New track record over one hour
After the track had been inspected and certified by the FIA (Fédération Internationale de l'Automobile), the big day arrived on April 30, 2021. A tow truck towed the Blizz Primatist to the starting position of the 12.6 km high-speed circular track at the NTC. The countdown ticked down on a display panel, and when it reached zero the black torpedo with the Italian tricolor painted on it started moving almost silently. The Blizz Primatist had embarked on its quest to break the record. At the wheel: Gianmaria Aghem.
On that day and the following, he roared around the track at constant speeds of between 200 and 250 km/h, setting seven records in two vehicle classes. On April 30, he covered the ten-mile, 100-km and 100-mile distances at the highest average speed that electric vehicles weighing up to 500 kg had ever achieved to date. Aghem also bettered the course record for the hour, covering 225.184 km. At the end of the day, the battery still had a charge of four percent. Thanks to intelligent energy management, Aghem had made optimal use of the available energy.
Overnight, the battery was charged again, and on May 1, three further records followed in the ten-mile, 100-km and 100-mile time trials in the 500 to 1,000 kg electric vehicle class. The times were certified by the FIA, whose experts traveled to the event together with representatives of the Italian automobile club ACI (Automobile Club d’Italia).

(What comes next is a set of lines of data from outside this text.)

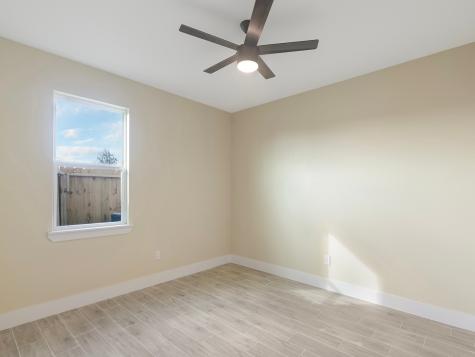 327 Road 5840 Cleveland TX 77327
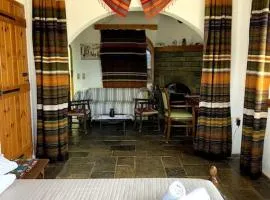 Villa Kamari-Cretan style apartment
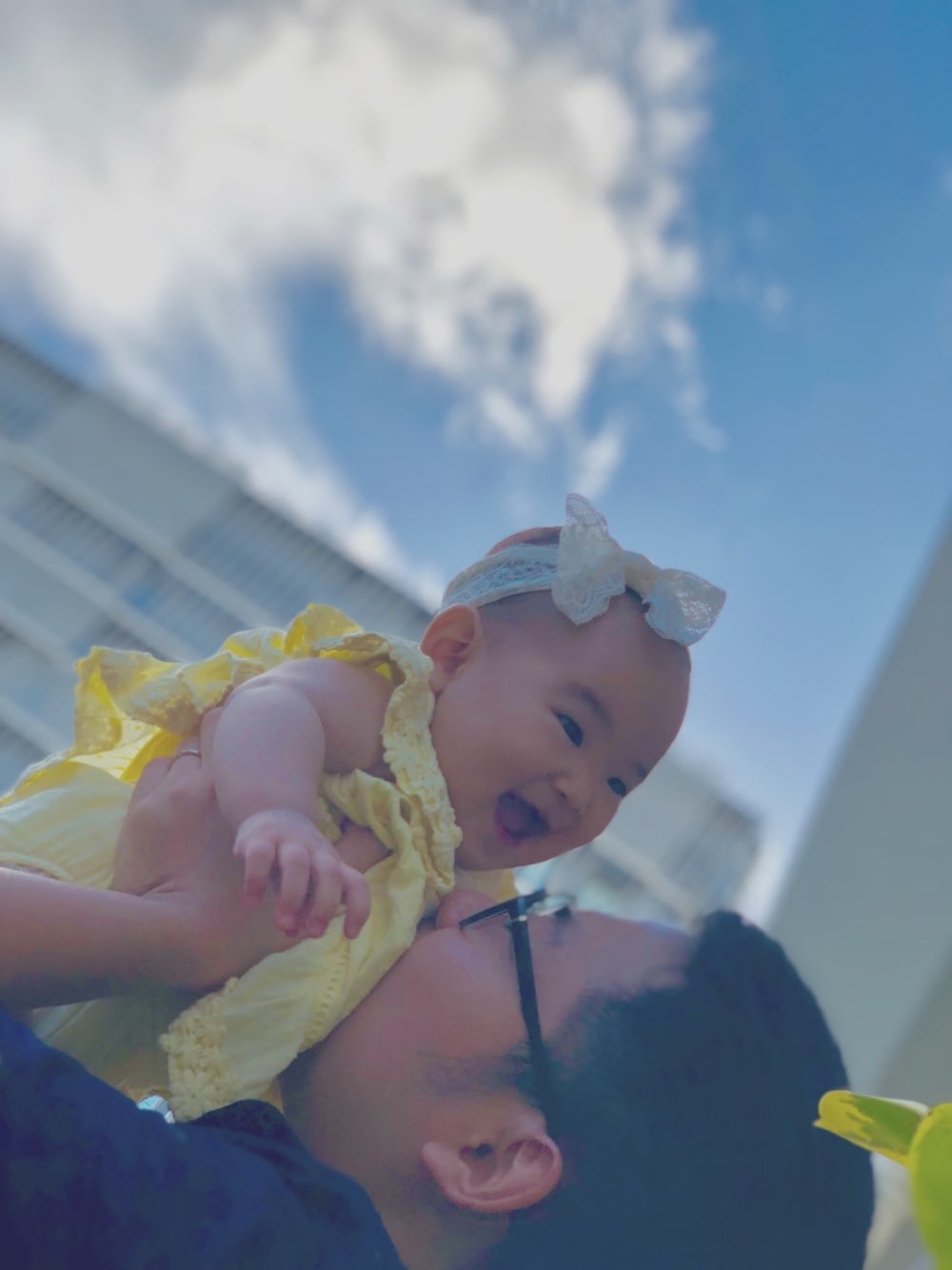 「赤ちゃん、赤ちゃんコーデ、イエロー」｜「babyGAPのアイテム（ワンピース、イエロー系）」を使った、ayaさん（キッズ・70cm）の秋コーディネートの1枚目の写真
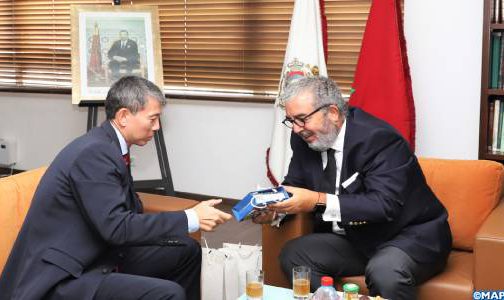 المدير العام لوكالة المغرب العربي للأنباء يتباحث مع سفير كوريا بالمغرب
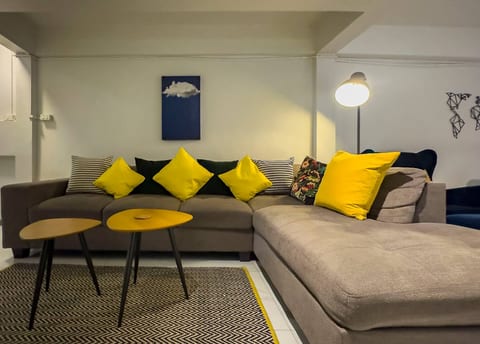 Cozy 3BR Townhouse Near Airport Suandok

If he had taken more time and recharged the battery, Aghem could have achieved even higher speeds. “That wasn’t my objective, though,” he says. “I wanted to show that a battery-powered car can travel long distances at a high speed. I have achieved that.” Now he hopes that his vehicle will serve as an example to automotive manufacturer and spur them on. “This achievement was unimaginable just a few years ago,” Aghem said. And already next year he wants to increase it further: Aghem has announced that in May 2022 he wants to travel to Nardò with the Blizz Primatist and break more records.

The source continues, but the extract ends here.